The mean power curves for the no-spoiler and spoiler configuration can be plotted (see Fig. 15). Both curves are very close to each other; the vertical bars shows that the spoiler does produce more energy on average, albeit a small amount (power difference on the right-hand axis). The error bars show the variation in power due to the different polar states used; i.e. the top of the error bar is the power difference between the spoiler and the no-spoiler case using the maximum aerodynamic coefficient polar.

Figure 15 Power curve close-up for the low wind speeds. The blue square (blue ▪) shows the power curve without spoiler, and the orange dot (orange •) shows the power curve with spoiler.

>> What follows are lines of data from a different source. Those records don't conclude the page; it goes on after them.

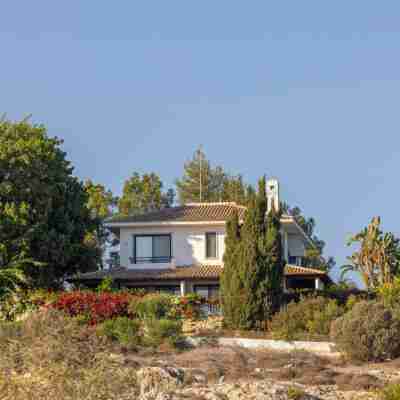 Ayia Napa Sycamore Seaview Hotel Exterior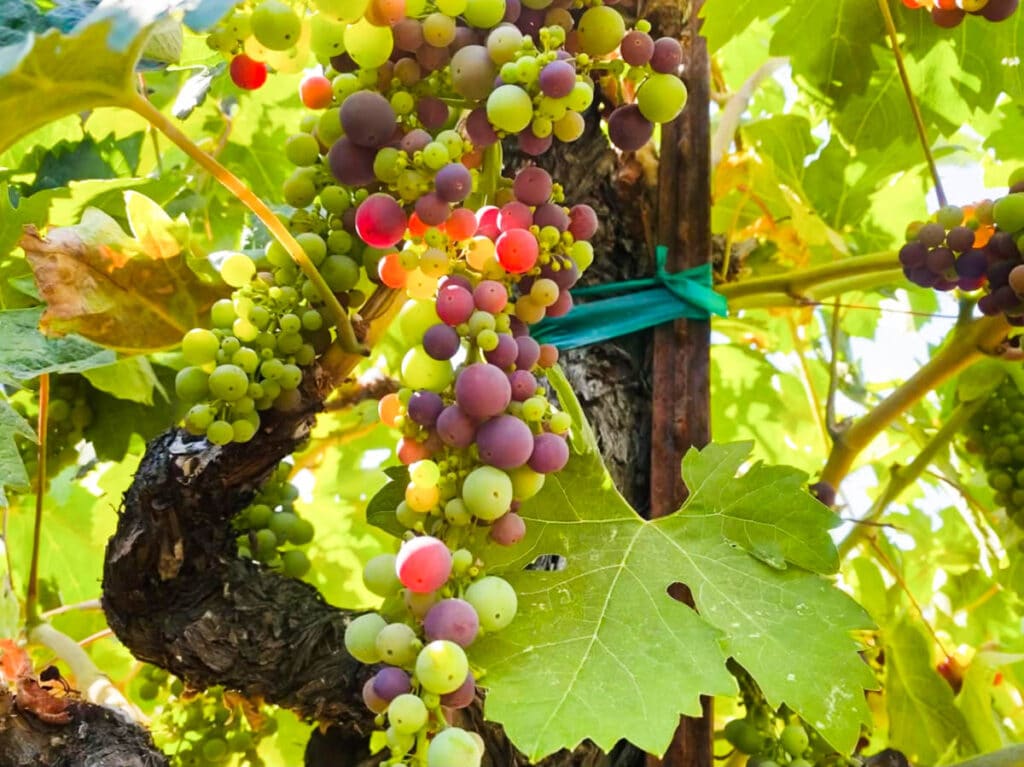 View of the grapes on the vines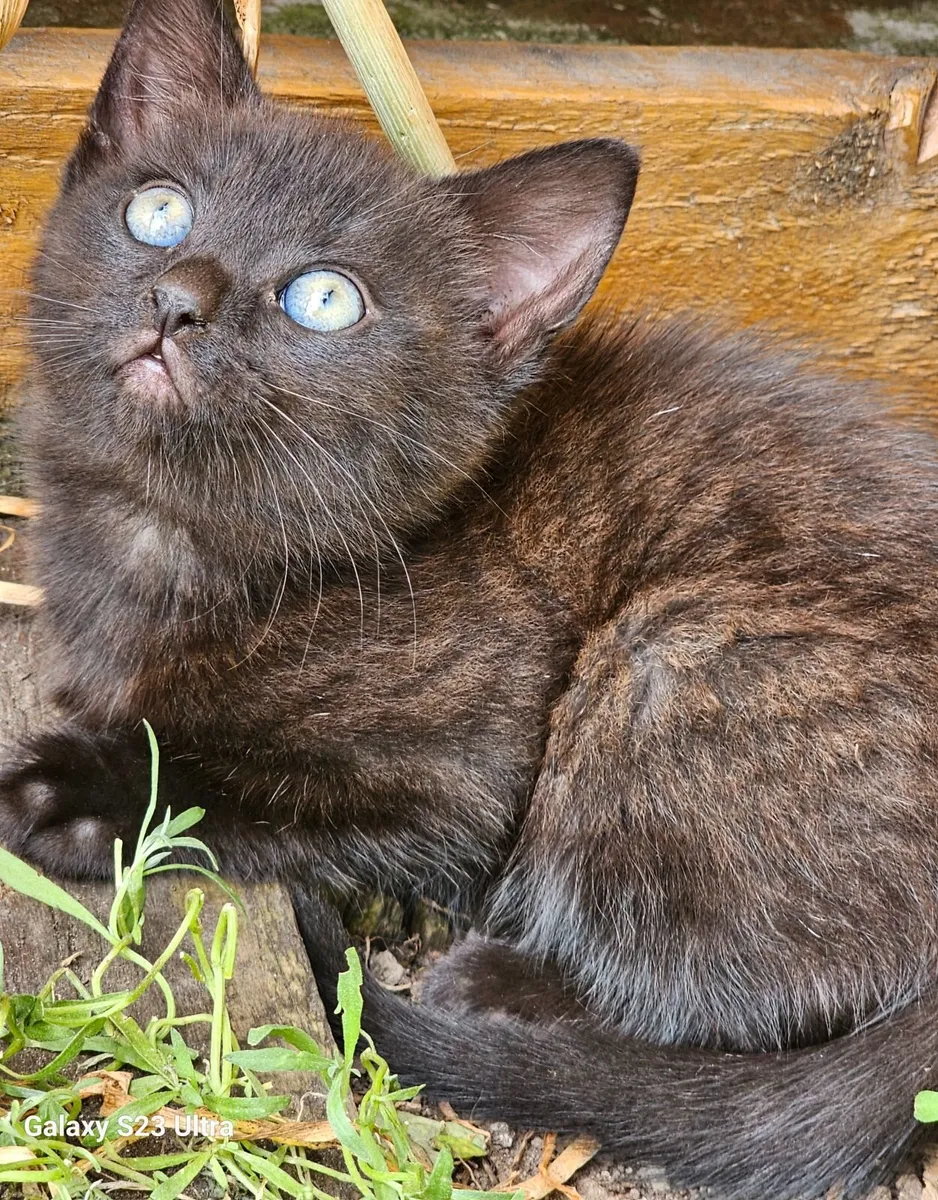 Kitten - Image 4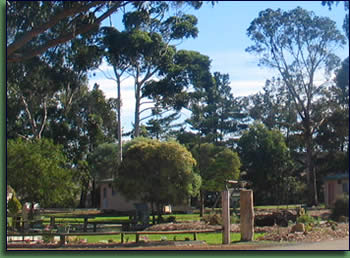 Kalgan River Chalets And Caravan Park - Accommodation Georgetown 0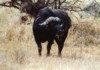 African Buffalo, Kruger NP, Mpumalanga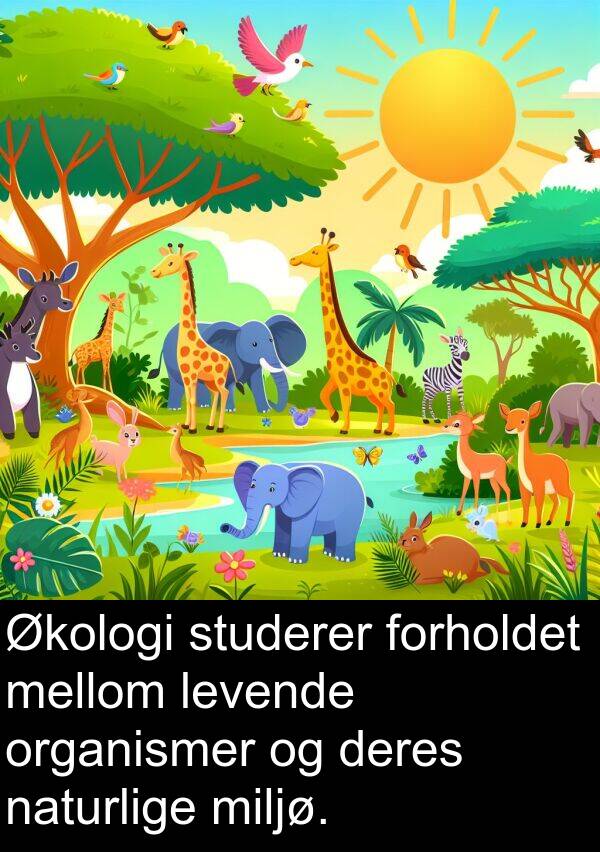 organismer: Økologi studerer forholdet mellom levende organismer og deres naturlige miljø.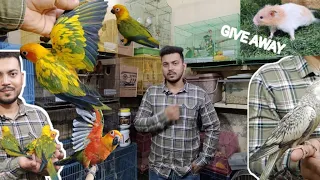 sun conure parrot & give away by wajid in mumbai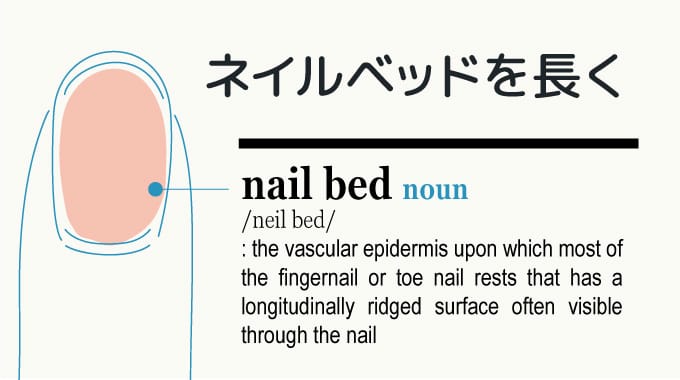 ネイルベッドを伸ばす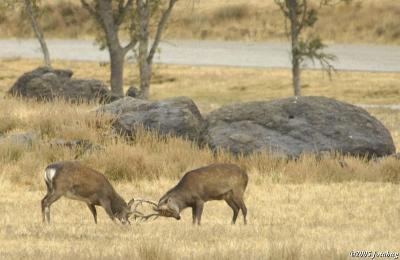 Asian deer sparring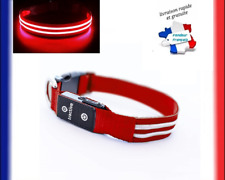 Collier Lumineux LED Pour Chien Rechargeable USB Étanche Réglable 3 modes nuit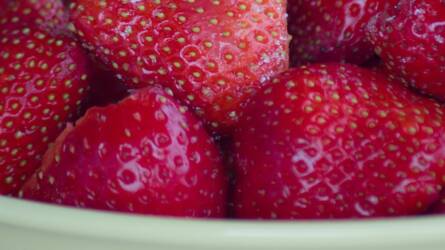 Brutális hozam, kemény bogyók, kevesebb növényvédelem – a Kara® szamóca komolyan felkavarta a piacot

The black bars show the difference between the mean spoiler and mean no-spoiler case.

It is to be noted that, interestingly, the power gain of approximately 1 %, for wind speeds up to up to 8 m s⁻¹, is similar to the C_L gain thanks to the spoiler presented in Fig. 11. Closer to rated power, the power gain reduces.

After integrating the mean power curves over a year simulating a wind site condition IEC class II (Weibull shape factor = 0.2 and average wind speed = 8.5 m s⁻¹), the AEP impact can be seen in the Table 4. On average, the spoiler produces 0.49 % AEP more than the no-spoiler case, assuming maximum power extraction settings.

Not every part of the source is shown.